生活習慣が大きく影響する「耳鳴り」について

今注目が集まっている医療や健康情報を病院検索ホスピタが厳選して分かりやすくお届け!今回は『 生活習慣が大きく影響する「耳鳴り」について 』をご紹介させて頂きます。

「イライラ」や「不快感」も・・・

「耳鳴り」は、耳の奥で自分だけに聞こえる(あるいは感じる)自覚的な共鳴音です。実際には鳴っていない音が「鳴っているように聞こえる」現象です。耳鳴りに悩む人は、
(1)キーン、ピーン、ブーンといった鋭い音
(2)ボー、ゴーという低い音
(3)ザー、ガーといった騒がしい音
のいずれかを感じることが多いようです。

しかし、音の聞こえ方やその程度は、人によって大きく異なります。周囲に音源がないにも関わらず、耳鳴りがすることで、イライラして不快や苦痛を感じることでしょう。そのことで、仕事や学業、日常生活に支障きたすことになります。
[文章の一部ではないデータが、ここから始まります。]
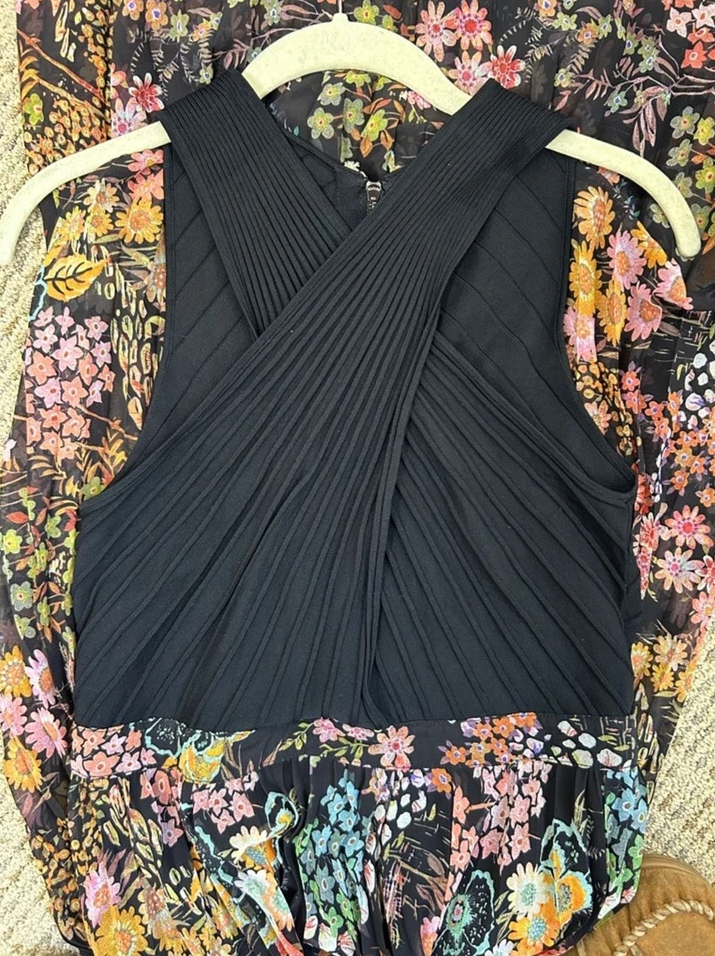 【TED BAKER | テッドベーカー】Aquila ニット ボディ プリーツ ワンピース《ブラック》【サイズ2 日本サイズ11】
「耳鳴り」は、数分以内におさまるなど、一過性のものであればそれほど心配はいりません。しかし、度重なる「耳鳴り」を放っておくと症状が悪化し、脳腫瘍や脳梗塞など重い病気が背後に潜んでいて、その病気が進行してしまう恐れがあります。

耳鳴りの約80〜90%は「内耳性」

私たちは、外から入る音の振動(音波)を「耳介」によって集め、「外耳」から「鼓膜」に伝えます。そして鼓膜の振動が「中耳」に伝わり、さらに「内耳」の「蝸牛」と呼ばれる器官に送られます。音波はそこで電気信号に変わり、神経を通って大脳に送られて「音」として認識されるのです。
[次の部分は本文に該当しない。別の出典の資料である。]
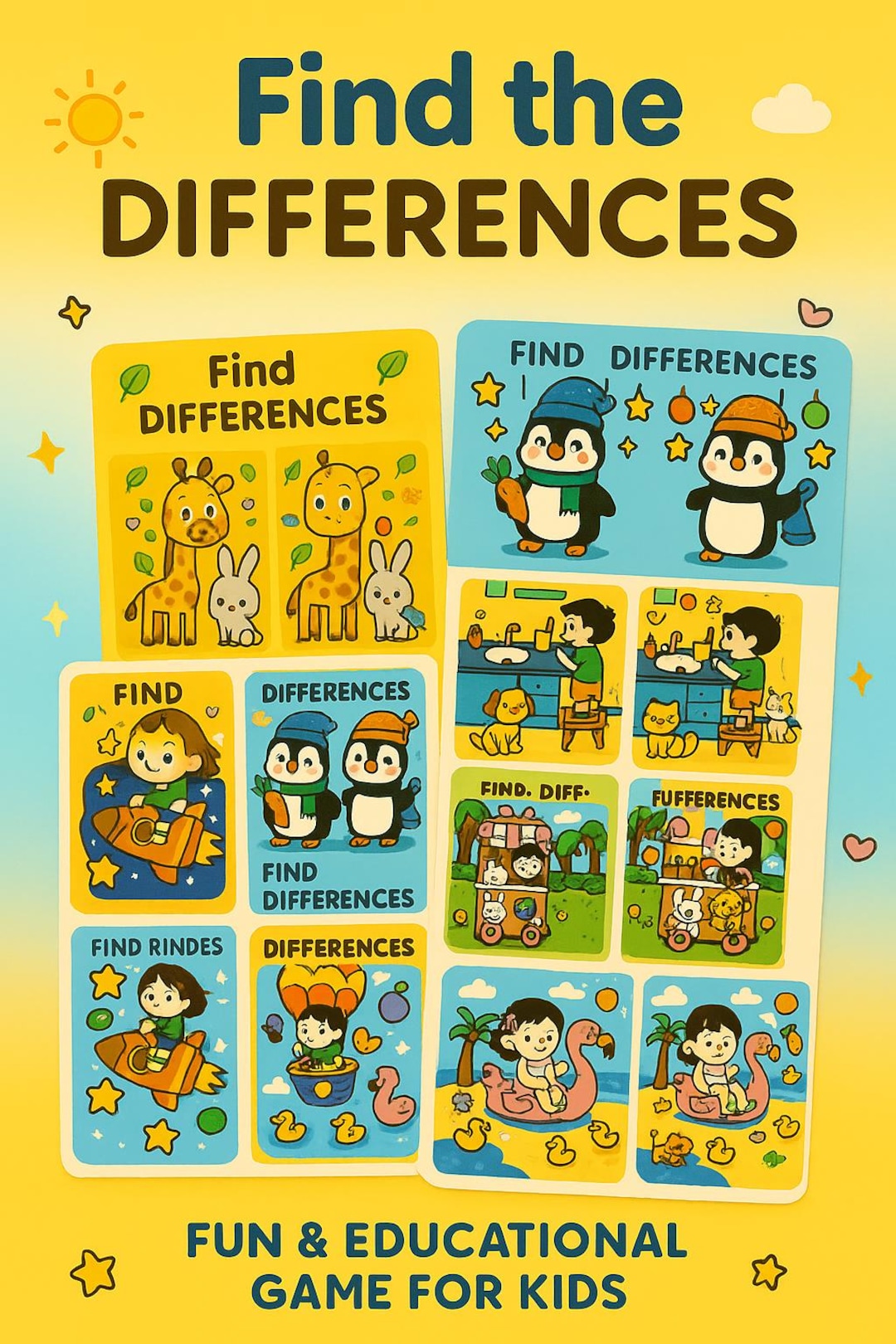Find the Differences – Printable Puzzle Set for Kids | 10 Cute Spot the ...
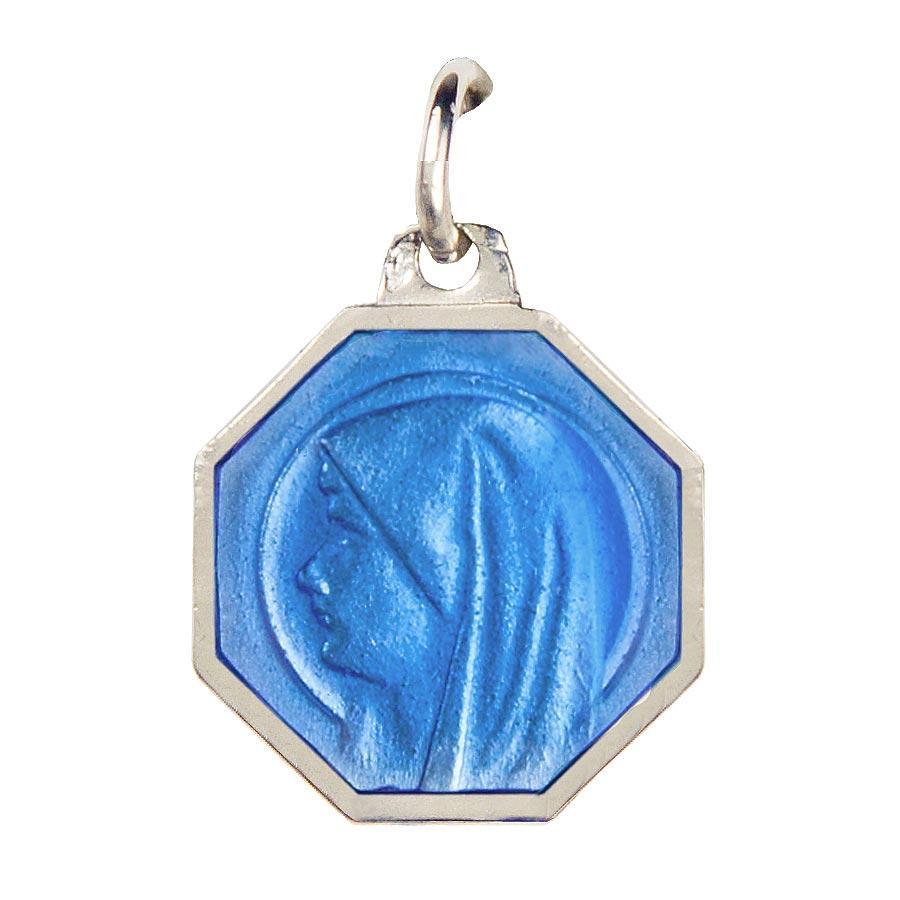 Médaille Apparition de Lourdes Argent 925/000 octogonale 15 mm email bleu médaille Souvenirs de Lourdes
耳鳴りは、その内耳にある聴覚器官(蝸牛)の細胞に何らかの異常が起こって発症すると考えられます。実際、耳鳴りの約80〜90%は「内耳性」によるものです。そして、耳鳴りと同時に、
(1)耳が遠くなる(難聴
(2)めまいがする
(3)自分の声が響く
(4)頭痛がする
(5)夜に眠れない
(6)肩こりがひどい
(7)動機がする
といった症状が見られることがあります。

「メニエール病」や「突発性難聴」の疑いも

耳鳴りの原因は多岐にわたり、いろいろな病気の影響が挙げられます。そのなかでも、
(1)耳の病気
(2)神経や脳の障害
(3)糖尿病
(4)高血圧症
(5)動脈硬化症
(6)自律神経失調症
(7)睡眠障害
(8)更年期障害
などが関与するといわれています。

なかでも、耳の病気として、「メニエール病」と「突発性難聴」は、耳鳴りを引き起こす原因として知られています。「メニエール病」は、内耳のなかにあるリンパ液の調整が乱れて、平衡感覚の異常が生じる病気です。激しい回転性のめまい、耳鳴り、吐き気を発作的にくり返すのが症状の特徴です。

一方、「突発性難聴」は、急に前触れもなく耳が聞こえなくなる病気です。同時に、耳鳴りやめまいが起こるのが一般的です。発症後2~3ヶ月で症状が固定するケースが多く、その症状が起こってから2週間以内に治療を始めることが大事です。

「ストレス」が深く関与している

メニエール病や突発性難聴も、発症には「ストレス」が深く関与しているといわれています。耳鳴りは、
(1)疲労
(2)寝不足
(3)生活リズムの乱れなどからくる「ストレス」がたまる
と、その症状が起こり、さらに悪化しやすい傾向があります。

強いストレスは、自律神経を乱すことになり、「慢性的なだるさ」や「めまい」とあわせて「耳鳴り」を引き起こすリスクを高めます。他にも、喫煙、カフェインの過剰摂取、あご関節の機能異常によって耳鳴りが起こることもありますが、まずは「耳鼻咽喉科」を受診し、専門医に相談しましょう。

大きな病気でなければ、補聴器のような器具をつける「音響療法」や、ストレスを緩和させるための「カウンセリング療法」が勧められるのが一般的です。